I will work to limit the influence of big money in our political process and make elected officials more accountable to their constituents. I’ll find common ground on issues that matter and build the coalitions that will move our country forward.
How is your experience in the public and private sectors a plus for the job?
Duffy: Both in Congress, and in my prior experiences as a DA, I learned the importance of getting to know people. Often you are faced with people with whom you don’t appear to have much in common on the outset, but when you take the time to have a conversation, you often find that your agreements outnumber your disagreements. That is when you truly learn how to work together.
Neither side may get everything they want, but when you agree on the importance of the larger goal, it makes it easier to put aside smaller differences and actually get something done. I attribute that lesson to my successes prosecuting child sex crimes as well as my ability to get legislation passed in the House of Representatives with overwhelming bipartisan support.
Westlund: My time managing a nonprofit organization and running my own business gave me opportunities to prove myself as a leader while helping rural communities to be more self-reliant. I organized diverse coalitions to address and resolve shared challenges and managed the nuts and bolts required to be successful. I also learned about the tremendous potential opportunities for economic development in northern Wisconsin.

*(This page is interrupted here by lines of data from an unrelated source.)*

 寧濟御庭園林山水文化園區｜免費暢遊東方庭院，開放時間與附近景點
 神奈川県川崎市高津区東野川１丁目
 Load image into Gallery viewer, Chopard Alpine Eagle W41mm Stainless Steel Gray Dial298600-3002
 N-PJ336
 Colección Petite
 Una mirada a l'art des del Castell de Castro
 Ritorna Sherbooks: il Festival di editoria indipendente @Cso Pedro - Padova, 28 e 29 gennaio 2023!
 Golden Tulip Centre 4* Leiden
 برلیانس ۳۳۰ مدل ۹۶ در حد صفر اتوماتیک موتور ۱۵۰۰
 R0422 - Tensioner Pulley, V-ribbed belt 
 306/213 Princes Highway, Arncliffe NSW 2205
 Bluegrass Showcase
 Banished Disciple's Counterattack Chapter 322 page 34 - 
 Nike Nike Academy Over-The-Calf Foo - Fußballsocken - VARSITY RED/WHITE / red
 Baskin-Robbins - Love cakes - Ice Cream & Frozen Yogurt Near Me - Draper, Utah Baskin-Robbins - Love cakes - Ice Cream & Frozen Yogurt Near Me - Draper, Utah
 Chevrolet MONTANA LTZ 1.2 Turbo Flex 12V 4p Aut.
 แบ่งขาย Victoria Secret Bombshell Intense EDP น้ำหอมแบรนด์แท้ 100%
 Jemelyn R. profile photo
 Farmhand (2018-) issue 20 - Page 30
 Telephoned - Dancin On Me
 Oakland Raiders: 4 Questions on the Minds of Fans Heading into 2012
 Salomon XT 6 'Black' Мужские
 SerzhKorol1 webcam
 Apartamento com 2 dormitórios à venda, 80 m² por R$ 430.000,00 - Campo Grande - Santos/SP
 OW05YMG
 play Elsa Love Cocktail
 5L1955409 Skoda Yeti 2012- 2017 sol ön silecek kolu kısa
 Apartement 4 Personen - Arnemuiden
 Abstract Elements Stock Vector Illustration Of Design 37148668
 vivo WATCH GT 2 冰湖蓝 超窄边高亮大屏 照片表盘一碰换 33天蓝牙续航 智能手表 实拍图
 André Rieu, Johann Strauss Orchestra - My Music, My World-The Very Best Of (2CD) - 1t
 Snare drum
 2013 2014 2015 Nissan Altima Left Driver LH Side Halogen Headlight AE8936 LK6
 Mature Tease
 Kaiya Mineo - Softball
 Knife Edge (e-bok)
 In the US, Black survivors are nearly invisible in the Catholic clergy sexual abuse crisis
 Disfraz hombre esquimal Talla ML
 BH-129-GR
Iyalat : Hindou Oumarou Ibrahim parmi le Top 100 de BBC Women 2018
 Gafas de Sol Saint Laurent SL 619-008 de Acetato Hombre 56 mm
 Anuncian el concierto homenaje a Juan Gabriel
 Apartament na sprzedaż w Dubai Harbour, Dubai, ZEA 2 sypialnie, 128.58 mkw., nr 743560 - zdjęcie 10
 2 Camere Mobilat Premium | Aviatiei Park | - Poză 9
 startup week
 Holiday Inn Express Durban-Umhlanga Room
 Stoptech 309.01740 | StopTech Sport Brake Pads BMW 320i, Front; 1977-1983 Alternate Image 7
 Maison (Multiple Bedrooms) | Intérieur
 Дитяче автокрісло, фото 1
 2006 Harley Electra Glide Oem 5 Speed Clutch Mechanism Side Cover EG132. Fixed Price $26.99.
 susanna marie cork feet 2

As an elected official, I learned about governance and accountability and saw firsthand how decisions made in Washington and Madison affect rural Wisconsinites. I gained a solid understanding of the impacts my decisions as an elected official have on others and experience in responsible fiscal management that kept costs down and needs met.
The gridlock in Congress is largely the result of partisan bickering, and it doesn’t serve the people of this country. I have a proven track record as a thoughtful leader and coalition builder with an honest interest in addressing the needs of people. Good ideas can come from anywhere, and I will put my country before my party to find the common ground that will expand and protect the middle class.